WHAT IS PRE-ECLAMPSIA AT PREGNANCY?
Pre-eclampsia also known as toxaemia, is a disorder which typically occurs
after 20 weeks of pregnancy. Signs of pre-eclampsia are usually high blood pressure
combined with the presence of protein in the urine. However, in the absence
of protein in the urine, other symptoms may be present alongside high blood
pressure. These include headaches, blurred or altered vision, upper abdominal
pain, oedema (swelling of the face, wrists or ankles) or abnormal blood test
results. If left untreated pre-eclampsia can escalate to the more dangerous
condition, eclampsia. This results in fitting and in severe cases, death, in
the mother and sometimes the baby.
What causes pre-eclampsia?
Although pre-eclampsia has been recognised as a disorder for around 150 years,
its exact cause remains unknown. We know that 10-15% of women pregnant for the
first time will develop pre-eclampsia. We also know that women are more likely
to get pre-eclampsia if they have a close family relative with a history of
pre-eclampsia. Also, women who have had one pregnancy marked by the disorder
then have an increased chance (10-25%) of developing it in a subsequent pregnancy.
However, women with a previous normal pregnancy or pregnancies (no pre-eclampsia)
have less chance of developing it in subsequent pregnancies.

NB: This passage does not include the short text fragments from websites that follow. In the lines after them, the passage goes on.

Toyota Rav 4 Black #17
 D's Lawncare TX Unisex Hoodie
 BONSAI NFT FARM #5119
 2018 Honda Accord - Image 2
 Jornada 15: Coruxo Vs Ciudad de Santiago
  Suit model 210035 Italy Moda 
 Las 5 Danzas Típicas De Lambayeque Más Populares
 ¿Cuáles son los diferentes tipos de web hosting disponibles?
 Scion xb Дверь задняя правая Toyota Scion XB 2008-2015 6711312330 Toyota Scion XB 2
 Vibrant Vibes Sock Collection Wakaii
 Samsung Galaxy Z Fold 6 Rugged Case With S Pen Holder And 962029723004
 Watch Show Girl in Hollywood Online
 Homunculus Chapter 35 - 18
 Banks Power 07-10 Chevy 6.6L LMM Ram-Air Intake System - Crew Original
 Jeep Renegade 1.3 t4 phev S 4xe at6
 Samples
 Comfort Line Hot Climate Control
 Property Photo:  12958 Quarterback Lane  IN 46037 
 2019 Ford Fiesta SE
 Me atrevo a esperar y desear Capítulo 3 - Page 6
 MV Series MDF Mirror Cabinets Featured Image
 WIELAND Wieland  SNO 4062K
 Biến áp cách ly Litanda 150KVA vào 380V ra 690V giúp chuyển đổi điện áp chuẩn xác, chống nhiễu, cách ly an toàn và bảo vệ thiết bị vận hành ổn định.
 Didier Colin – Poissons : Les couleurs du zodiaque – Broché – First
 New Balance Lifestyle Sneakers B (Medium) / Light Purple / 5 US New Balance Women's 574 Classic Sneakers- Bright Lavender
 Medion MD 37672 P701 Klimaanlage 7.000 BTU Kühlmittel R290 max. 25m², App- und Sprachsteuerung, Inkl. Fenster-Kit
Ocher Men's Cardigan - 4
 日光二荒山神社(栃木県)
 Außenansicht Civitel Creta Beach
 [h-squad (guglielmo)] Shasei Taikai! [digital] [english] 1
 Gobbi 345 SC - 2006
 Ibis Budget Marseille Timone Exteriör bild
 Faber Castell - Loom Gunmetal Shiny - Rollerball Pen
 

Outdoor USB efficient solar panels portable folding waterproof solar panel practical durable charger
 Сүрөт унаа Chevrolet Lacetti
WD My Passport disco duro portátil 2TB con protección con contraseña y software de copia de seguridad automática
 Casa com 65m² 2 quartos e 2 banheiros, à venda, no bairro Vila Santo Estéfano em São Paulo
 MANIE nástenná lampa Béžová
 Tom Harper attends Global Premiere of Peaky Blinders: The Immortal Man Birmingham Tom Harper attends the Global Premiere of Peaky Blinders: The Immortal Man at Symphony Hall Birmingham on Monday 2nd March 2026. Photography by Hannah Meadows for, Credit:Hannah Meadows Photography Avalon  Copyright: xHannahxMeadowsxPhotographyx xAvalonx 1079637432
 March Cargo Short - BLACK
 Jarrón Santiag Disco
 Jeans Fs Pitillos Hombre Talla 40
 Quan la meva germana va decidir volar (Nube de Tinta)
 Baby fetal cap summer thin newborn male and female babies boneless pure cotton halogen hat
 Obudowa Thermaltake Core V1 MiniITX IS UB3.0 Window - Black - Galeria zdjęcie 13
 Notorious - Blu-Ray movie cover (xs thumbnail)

How Dangerous Pre-eclampsia?
Pre-eclampsia can be dangerous. High blood pressure can kill, and preeclampsia
can reduce the amount of blood passing through the placenta thus reducing the
air and food that reaches your baby, resulting in low birth weight and other
problems.
What is the Symptoms of Pre-eclampsia?
- High Blood Pressure: Usually defined as a reading higher
than 140/90. However, if you normally have low blood pressure, a rise to less
than 140/90 could indicate you are at risk. You can buy blood pressure gauges
from your chemist if you want to establish your baseline as soon as you know
you are pregnant.
- Swelling: A certain amount of swelling is normal during
pregnancy and you may find it difficult to wear a ring for the full term.
Swelling, or edema, that could provoke concern is caused by excess fluid and
usually appears in the face, legs and hands. Try pressing your thumb into
the swelling, if the indentation remains for a few seconds after you remove
your thumb, tell the nurse at your next prenatal visit.
- Protein In Your Urine: This is not a symptom you will be
able to spot or monitor. You will be tested at each prenatal check-up.
- Sudden Weight Gain: An increase in your weight of more
than 2 pounds (0.9kg) in a week or 6 pounds (2.75kg) in a month will ring
alarm bells. If your weight is increasing at that sort of rate, don't diet
or try to lose the weight. Tell the experts at your prenatal, it is important
that they know and let the nurse or doctor judge whether you are likely to
have preeclampsia.
- Headaches: If you suffer from migraine-like headaches which
are not relieved by over-the-counter pain killers (do not take aspirin), contact
your doctor immediately.
- Vomiting: The nausea that all mothers experience occurs
early in pregnancy and goes away. If you experience sudden vomiting in the
second half of your pregnancy, contact your doctor. Of course this could just
be a bug, but your doctor will check your blood pressure and urine to see
if you have other symptoms of preeclampsia.
What are the implications?
If a woman shows symptoms of pre-eclampsia at any stage during her pregnancy,
she will be monitored carefully. Sometimes, a woman will have to be admitted
to hospital so that her symptoms, especially blood pressure, can be managed
closely. The presence of pre-eclampsia may mean labour needs to be induced early
to stop it escalating to eclampsia. At least 15% of all pre-term births are
a result of this. Babies born to mothers with pre-eclampsia may also be small
for gestational age because their growth may have been affected by the disorder.
It is estimated that around 1,000 babies in the UK die each year from the effects
of pre-eclampsia. In the most serious cases of pre-eclampsia, where the disease
does escalate to the condition eclampsia, a woman might suffer fits, liver and
kidney failure, difficulty breathing, and/or problems with blood clotting. Seven
women in the UK die each year from the effects of pre-eclampsia, and worldwide
it is responsible for the death of over 200,000 women each year.
What can be done to treat pre-eclampsia?
Doctors can give drugs to alleviate some of the symptoms, but the only cure
for pre-eclampsia is to deliver the baby and the placenta. It is therefore the
cause of around 15% of premature births.
Higher risk factors
The risk of developing pre-eclampsia is higher in women carrying multiple pregnancies
(twins or triplets). And while women with previous normal pregnancies have less
chance of developing pre-eclampsia in subsequent pregnancies, mothers who start
another family with a new partner, have the same risk as women pregnant for
the first time. It is also accepted that women over 35 are at a higher risk.